What the task requires: The required result is an exact copy of every line from the one with "Luxury Regular Fit T-Shirt With Logo Patch" through the last line below, with the pictures left out.

◇ ◇ ◇ ◇ ◇

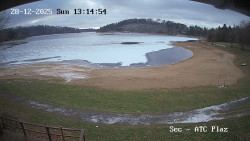 Autokemp Seč Pláž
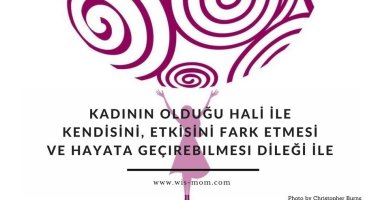 Kadını Destekleme Kurumlar İçin Moda mı Yoksa Olmazsa Olmaz mı?
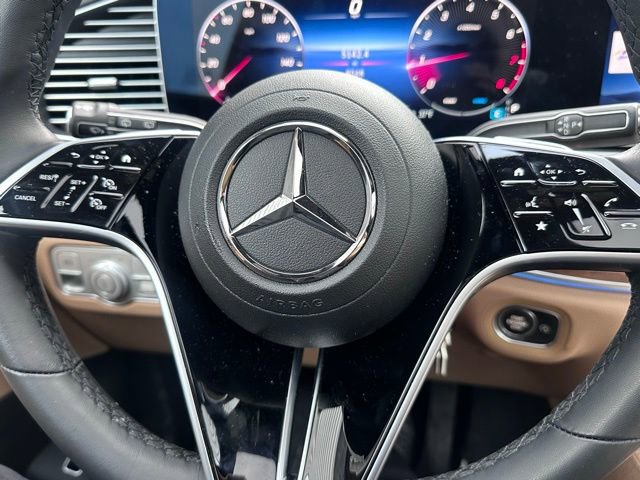 Certified 2025 Mercedes-Benz GLE 350 GLE 350 image 14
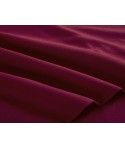 1800 egyptian cotton feel four-pieces bedding sets 100% poly micro bed sheets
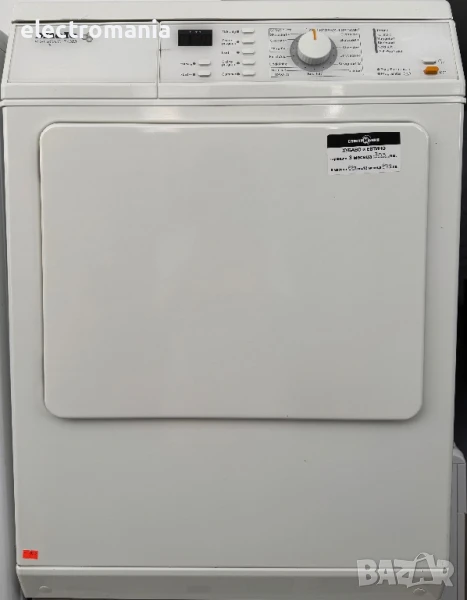 сушилня Miele Softtronic T4323 5кг, снимка 1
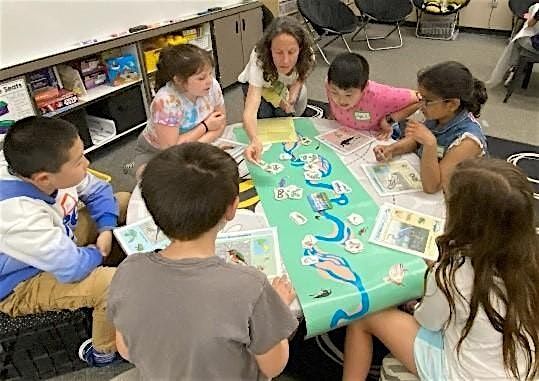 Learning Laguna Docent Training Orientation #2, 10 February | Event in Santa Rosa | AllEvents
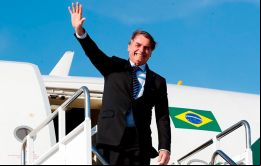 Brasil tiene previsto gestionar la compra de armamento ruso.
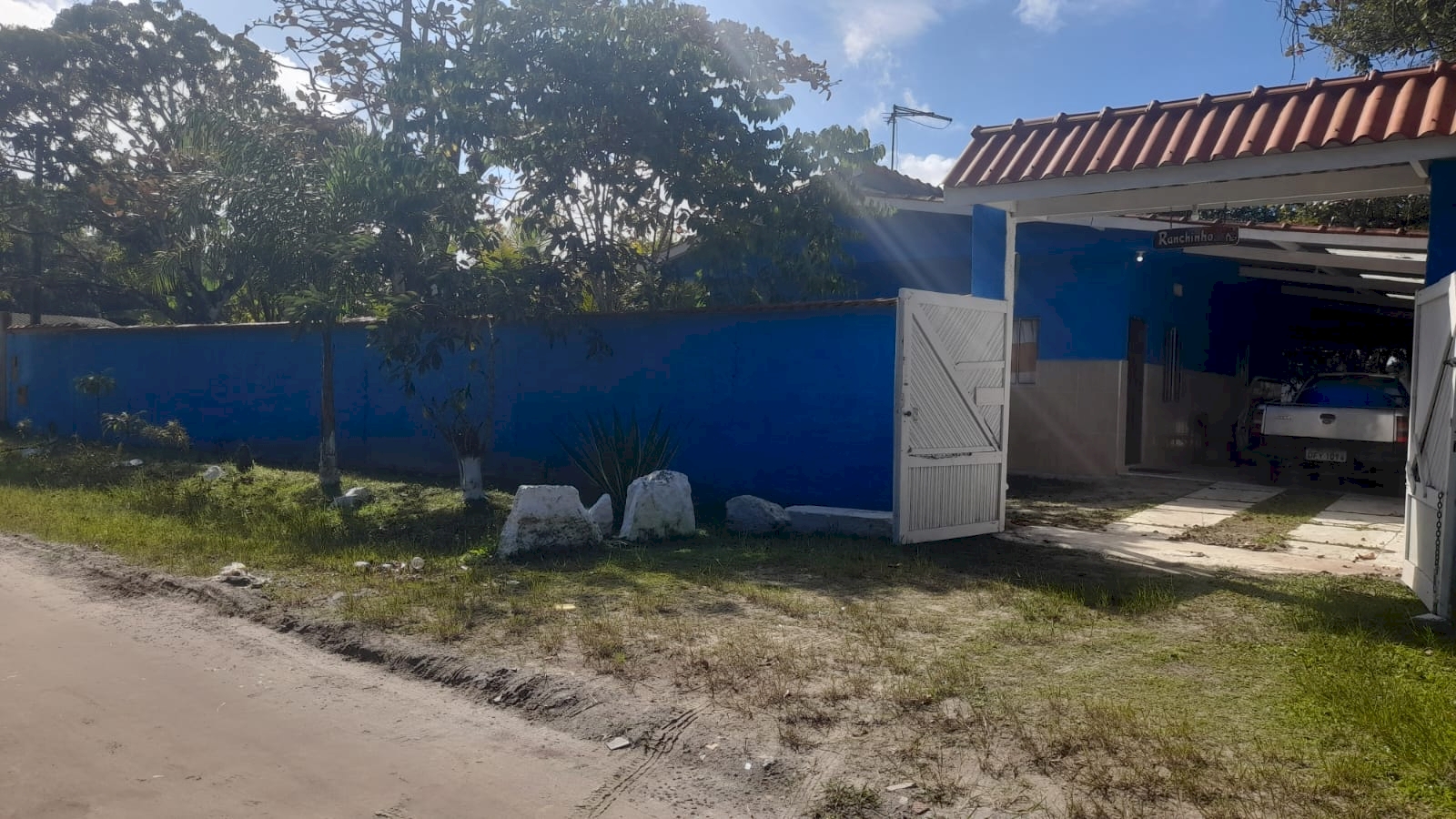 Imagem imóvel Chácara - Oportunidade!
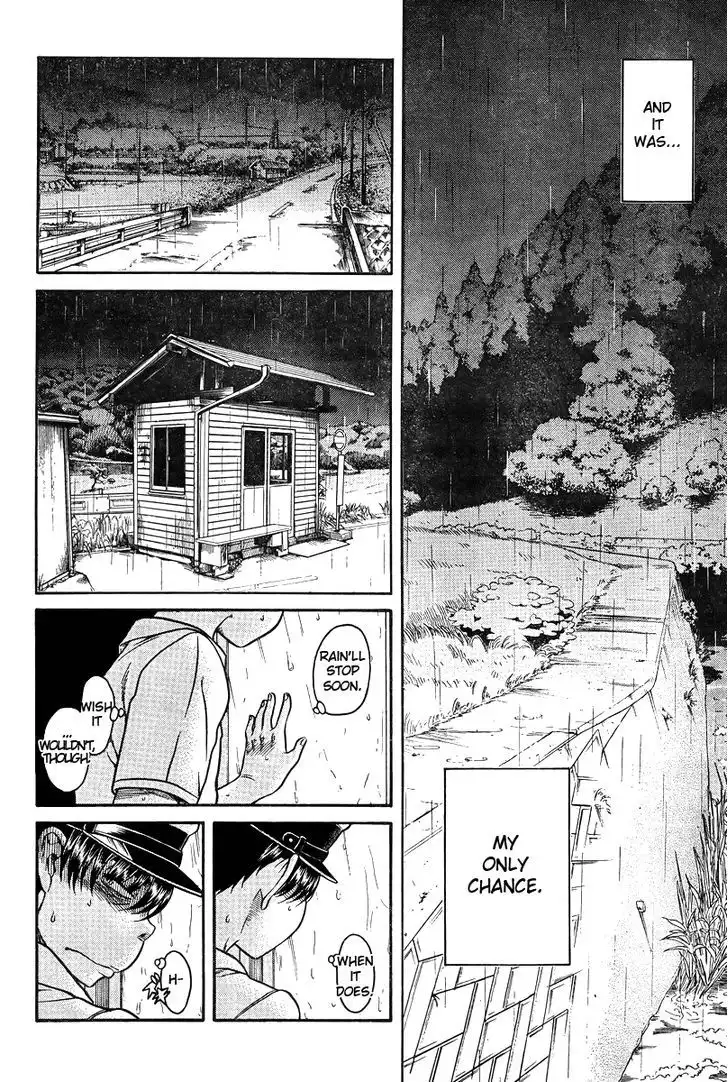 Nana to Kaoru: Black Label Chapter 29 Page 16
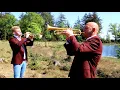 Download Lagu Gert \u0026 Gerben Ekkelboom - Sierra Madré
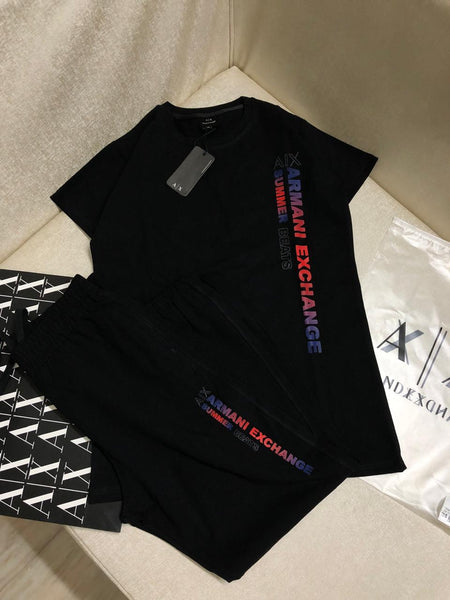 Luxury Regular Fit T-Shirt With Logo Patch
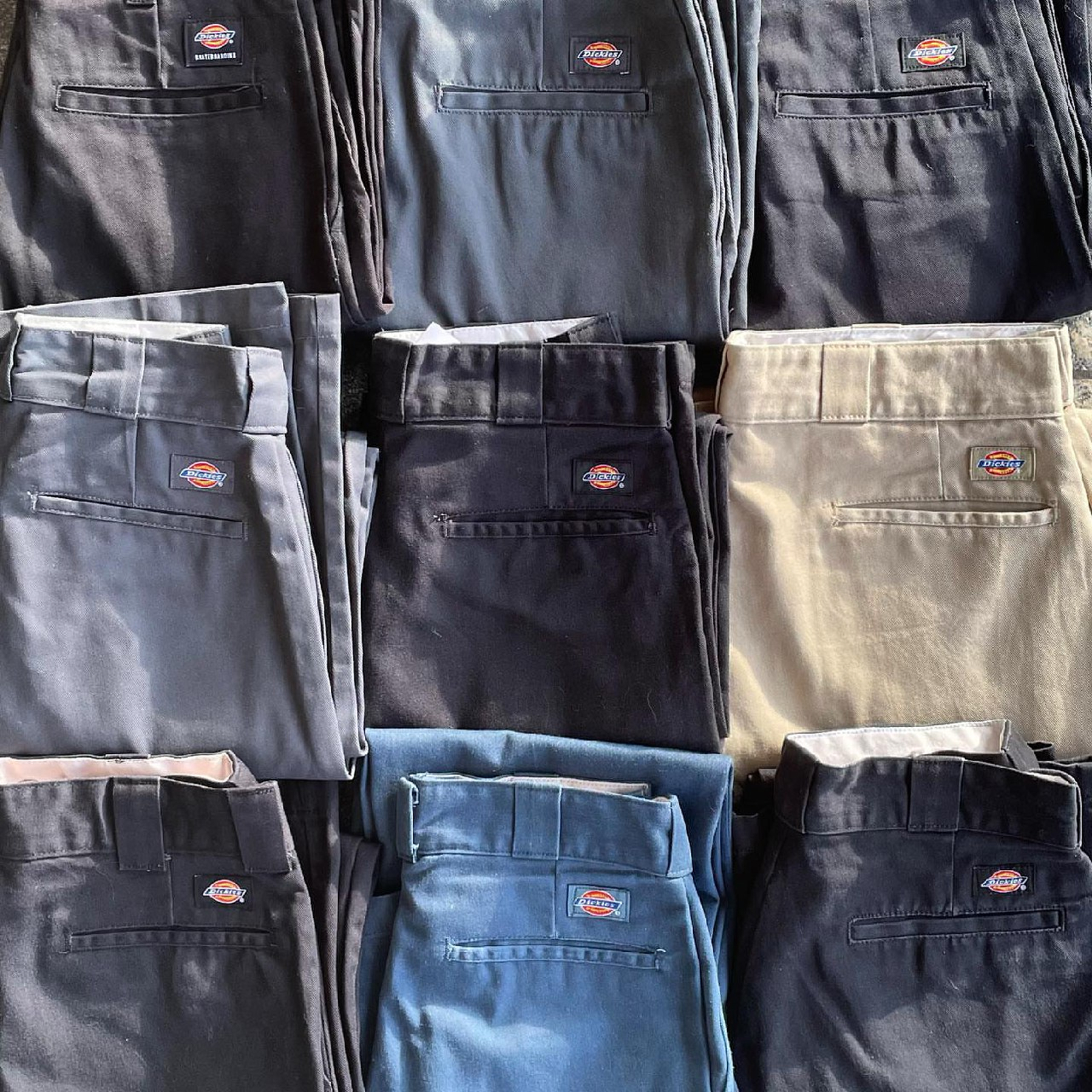 Вторичный фэшн-рынок. Часть 7. Где покупать винтаж в Варшаве (фото 27)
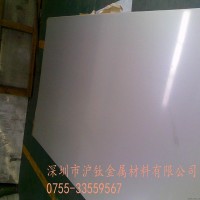 沪钛批发304不锈钢拉丝刚板 304镜面不锈钢板加工冷轧304不锈钢板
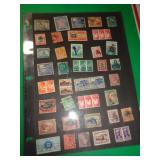 STAMPS OF SOUTH AFRICA STAMPS OF SOUTH AFRICA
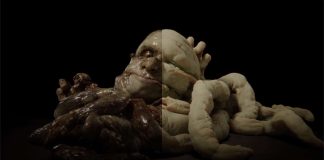 IT: Welcome to Derry – Rodeo FX Reveals the Making of the Pickle Monster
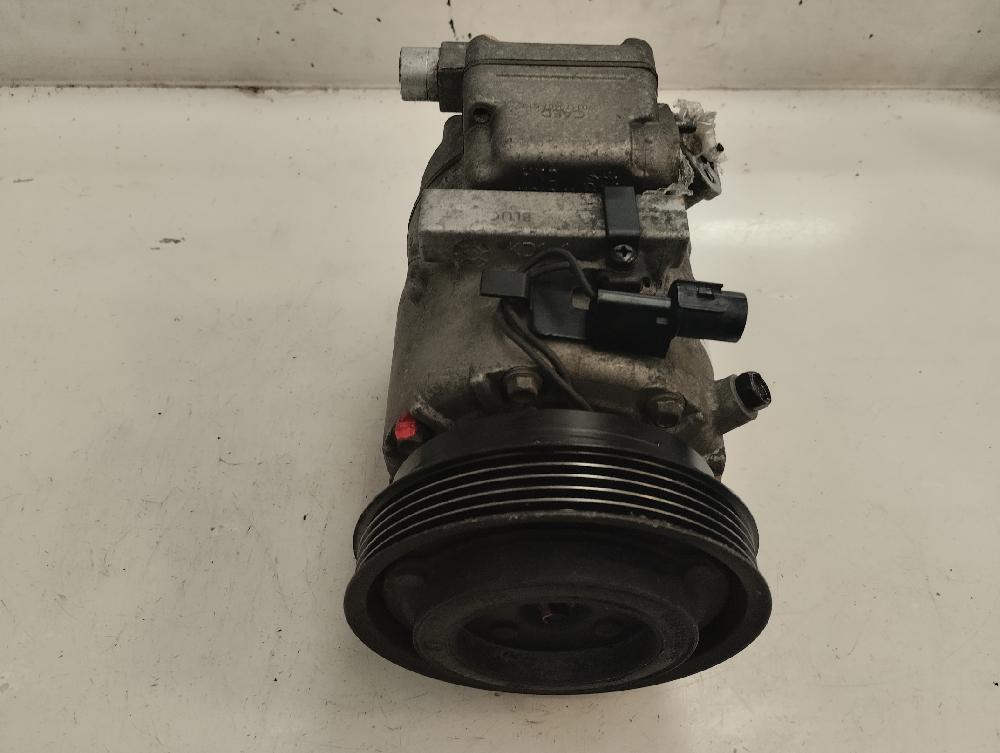 COMPRESOR AIRE ACONDICIONADO KIA CEED 1.6 MT 113CV | 83KW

◇ ◇ ◇ ◇ ◇

Solved problem:
 Luxury Regular Fit T-Shirt With Logo Patch
 Вторичный фэшн-рынок. Часть 7. Где покупать винтаж в Варшаве (фото 27)
 沪钛批发304不锈钢拉丝刚板 304镜面不锈钢板加工冷轧304不锈钢板
 STAMPS OF SOUTH AFRICA STAMPS OF SOUTH AFRICA
 IT: Welcome to Derry – Rodeo FX Reveals the Making of the Pickle Monster
 COMPRESOR AIRE ACONDICIONADO KIA CEED 1.6 MT 113CV | 83KW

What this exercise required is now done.